To stay challenged, Greenawalt works as managing director at New York-based Jefferies & Co., a major global securities and investment banking group. But two years ago, he started to feel just a bit bored. So he enrolled at the New York Film Academy.

“I’ve always loved film. To me, being moved by a film is like when people get moved by art,” Greenawalt says. “I get an emotional high. There are very few things in life that get you there … love, family. I wasn’t getting it from my professional life, so I decided to pursue film.”

Greenawalt took courses at night and then launched his own production company, Harrison Street Productions.
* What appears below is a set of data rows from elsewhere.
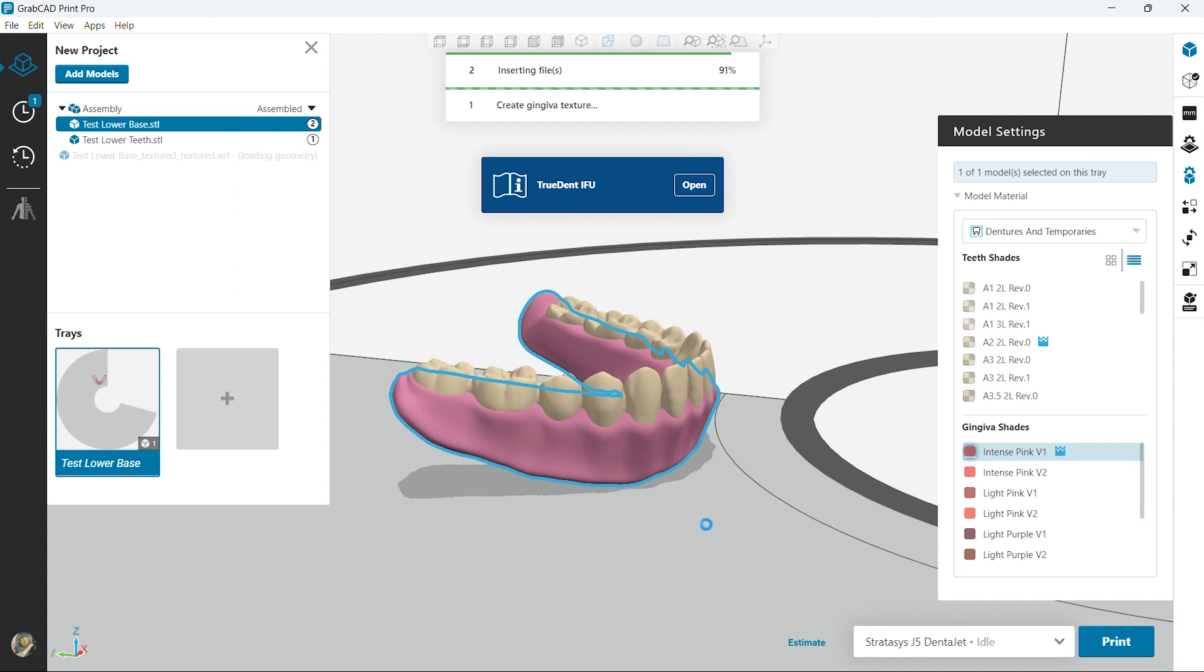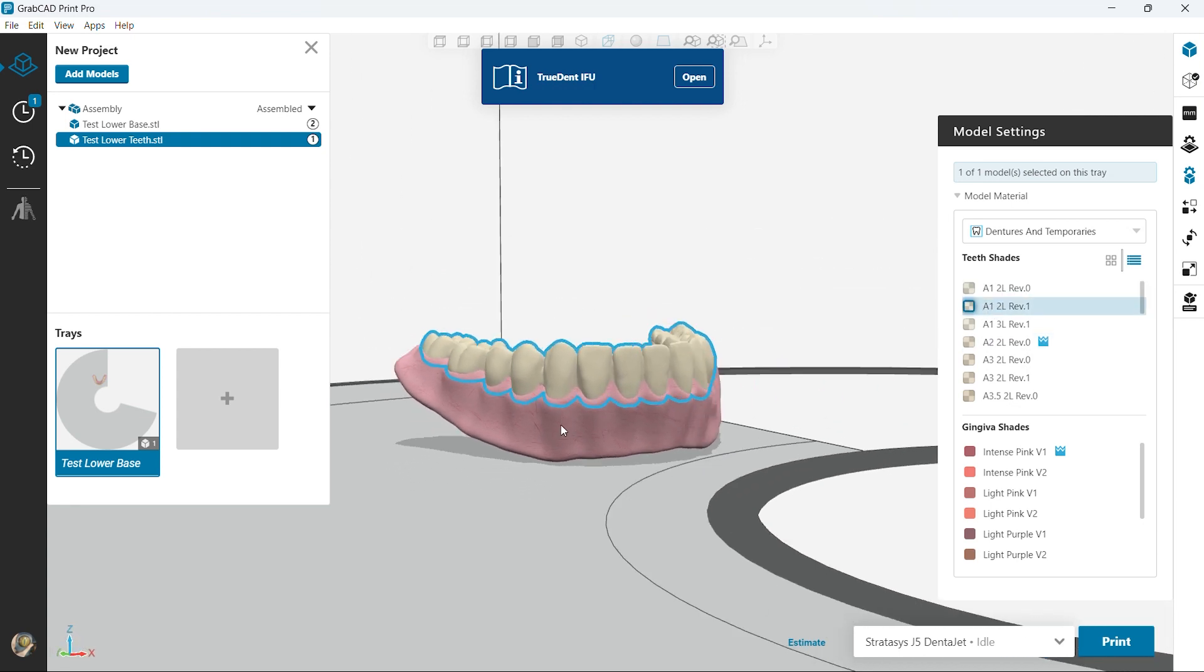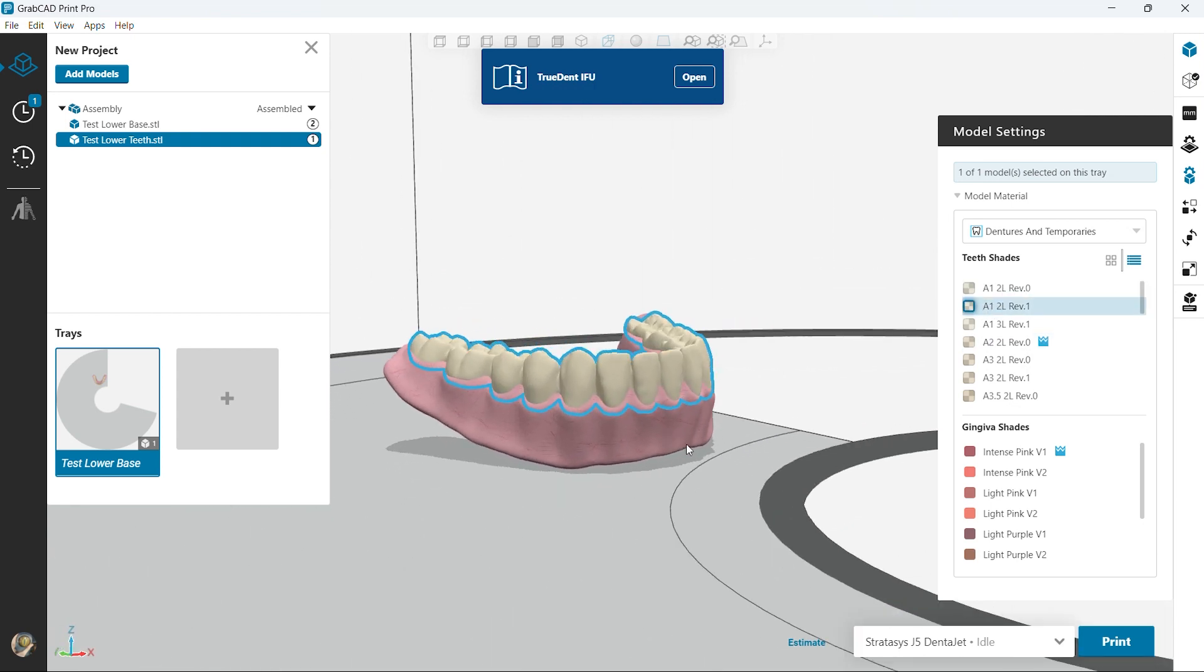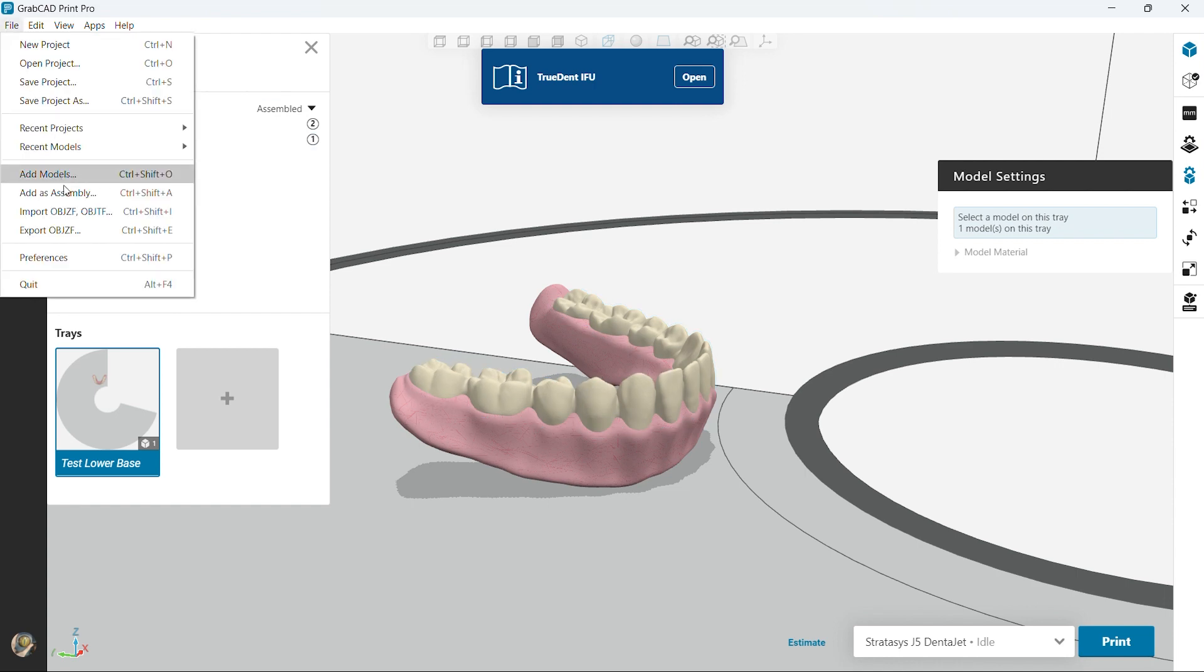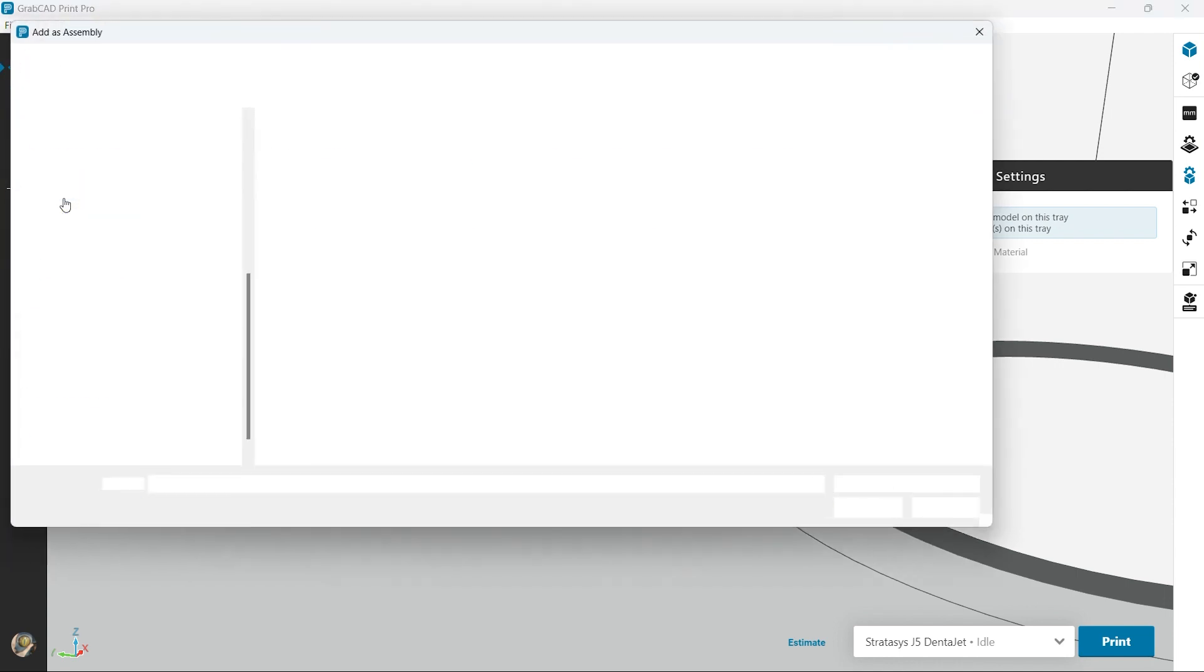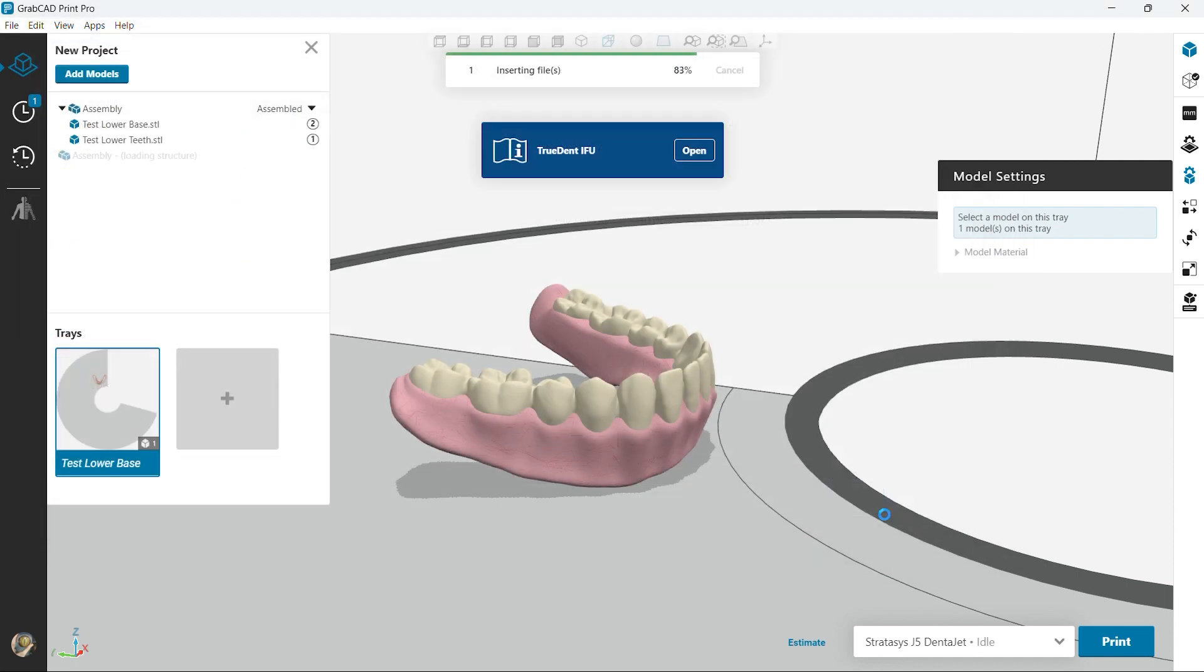We're gonna look at the different teeth shades as well. We can play with an A1. Please note that the colors here are kind of an estimation.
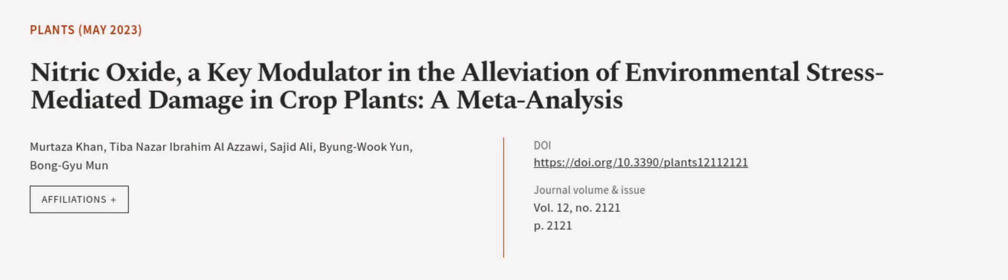This article was authored by Murtaza Khan, Tiba Nazar Ibrahim Al-Azai, Sajid Ali, and others. We are article.tv, links in the description below.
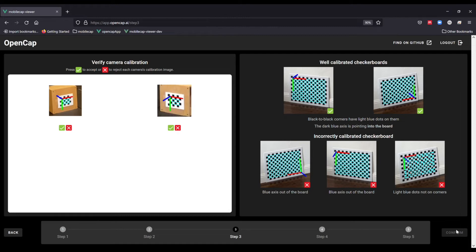If these dots are not precisely in these corners, you should press back, adjust your setup and recalibrate.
Very quickly he earned an executive producer credit for his role in “Codebreaker,” a 2011 TV movie about British mathematician Alan Turing, the man who cracked the German Enigma code during World War II.

Now, Greenawalt is working on a film based on the biography “Kate: The Woman Who Was Hepburn” (Picador, 2007), by William Mann.

“We’re definitely thinking big stars for this one,” says Greenawalt, who says he enjoys the challenge of opening doors in Hollywood and at cable networks like HBO and Showtime.

“The thrill of the hunt is there,” he says. “It’s just like the entrepreneurial nature of the work I did for Jefferies eight years ago. It’s an eat-what-you-kill environment. It’s like Wall Street but in a creative way.”

And yet neither the successful banking career nor his budding interest in film are what fulfill him the most. For that, he points to his board membership at amfAR, the Foundation for AIDS Research.

“AmfAR is the best thing I’ve ever done in my life,” says Greenawalt, who is helping to launch Generation Cure, an effort dedicated to keeping younger people focused on finding a cure for AIDS.

In reflecting upon his University of Denver experience, Greenawalt says, “I absolutely credit everything I do today to the education I received at DU. I was a lost soul when I landed at the University. At DU, I saw the endless possibilities available to me. I just had to grab onto them.”